Coughlin, from Meeker, has been charged with illegal hunting. He was issued a summons in September for illegal possession, hunting in a closed area and a “Samson” surcharge. The “Samson” surcharge can be applied in cases where big game are shot illegally.
The Colorado Division of Wildlife seized a set of six-by-six bull elk antlers in the case. The bull elk was reportedly killed in Unit 22 in the Piceance Basin, but in an area where hunting is restricted.
“The DOW has agreements with energy companies … we have an agreement with both Shell and EnCana to allow hunting on portions of their private land within the Piceance Basin,” said Randy Hampton, DOW public information officer for the northwest region. “However, there are tight restrictions on those hunting opportunities. Basically, the companies set areas that are open to hunting.”
Coughlin’s first court appearance was Nov. 23. He could face more than $12,000 in fines because of the alleged hunting violations and could be assessed 30 points against his hunting privileges.
The DOW seized the antlers from a local taxidermist, where Coughlin had taken them.
“If the individual is found not guilty of charges that led to seizure, the antlers will be returned,” Hampton said. “If he is found guilty, the DOW maintains possession and a determination is made about what to do with them.”
• • • • •Congratulations to Steve and Lisa Lucero, of Burrito Express in Rangely, on the birth of their grandson, Austin Christopher England.
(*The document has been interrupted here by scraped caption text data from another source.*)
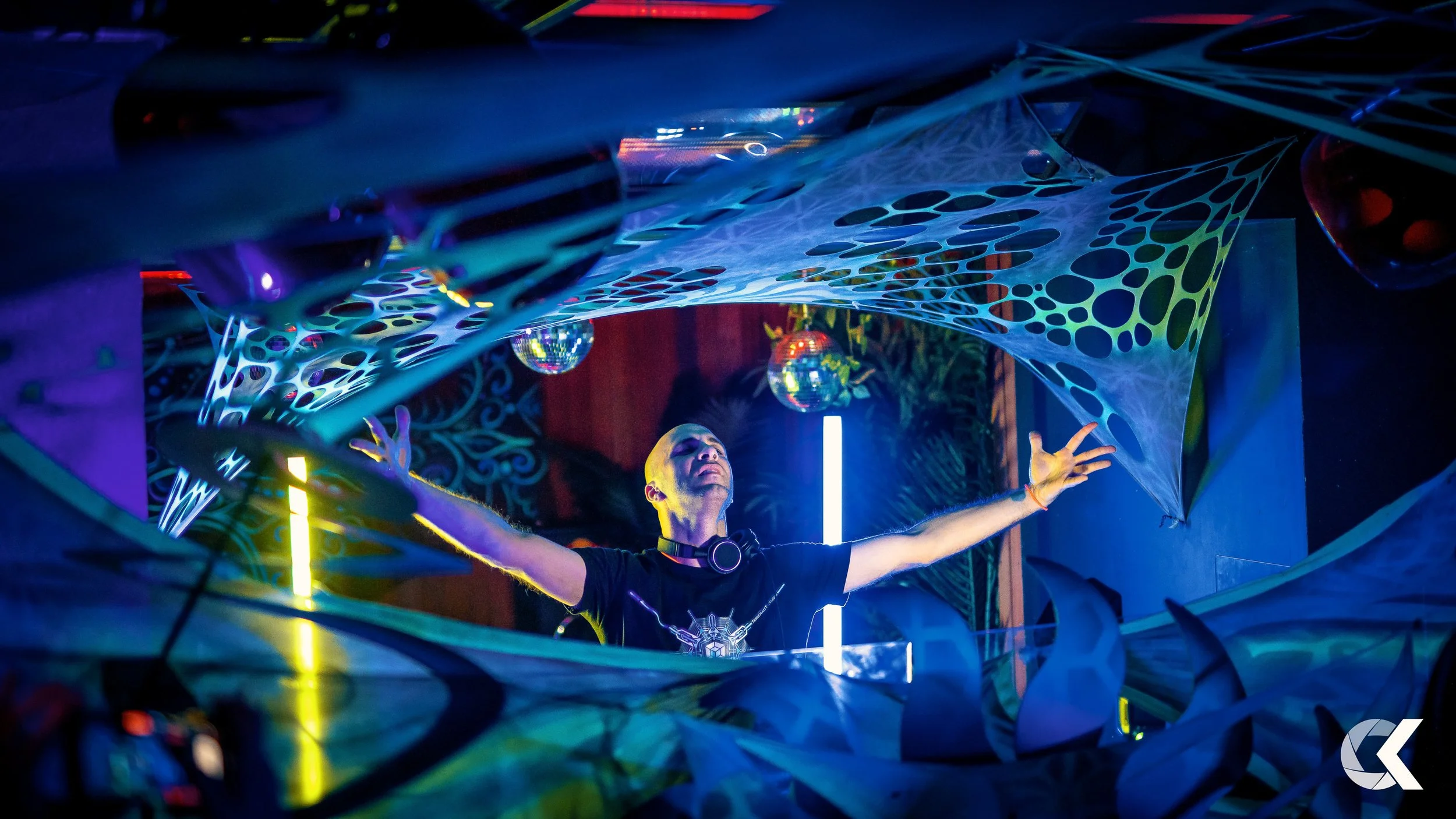 A DJ performing at a nightclub, with his arms outstretched and eyes closed. The scene includes colorful lighting, hanging disco balls, and futuristic decorations with web-like structures.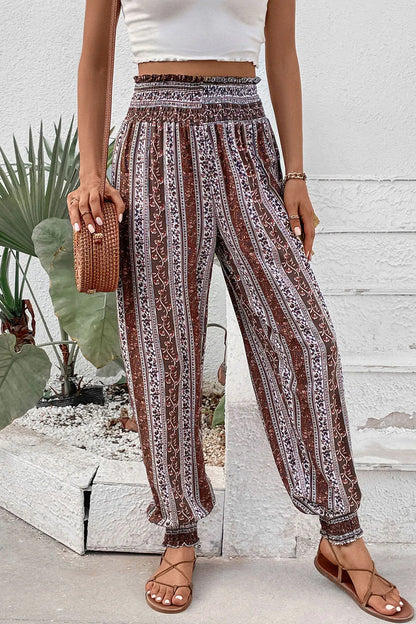 Person wearing patterned pants and a white top in an outdoor setting.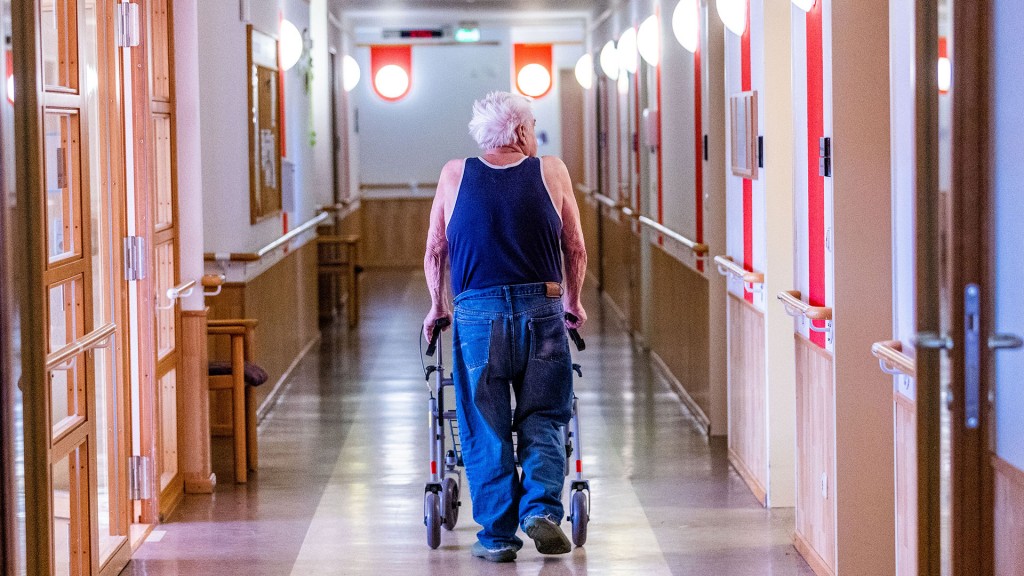 Foto: Ein Bewohner mit seinem Rollator im Flur eines Pflegeheimes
I saw Lisa recently and she was showing people a photograph of Austin. She was one proud grandma, as well she should be.
• • • • •Speaking of babies, congratulations to Suzan and Nathan Pelloni on the birth of their son, Holt Kenneth. You can read the announcement in this week’s paper.
Flying back from Kansas, where I went for Thanksgiving, I sat next to a guy from Steamboat Springs. When I told him I was from Meeker, he asked me if I knew Suzan Dole (her maiden name). I said I did, and that she had just had a baby the week before. The guy — I’m sorry I didn’t catch his name — said he knew Suzan from her competitive skiing days.
Knowing Suzan, it won’t be long and she’ll be back on the slopes … or hunting … or snowmobiling … with baby in tow.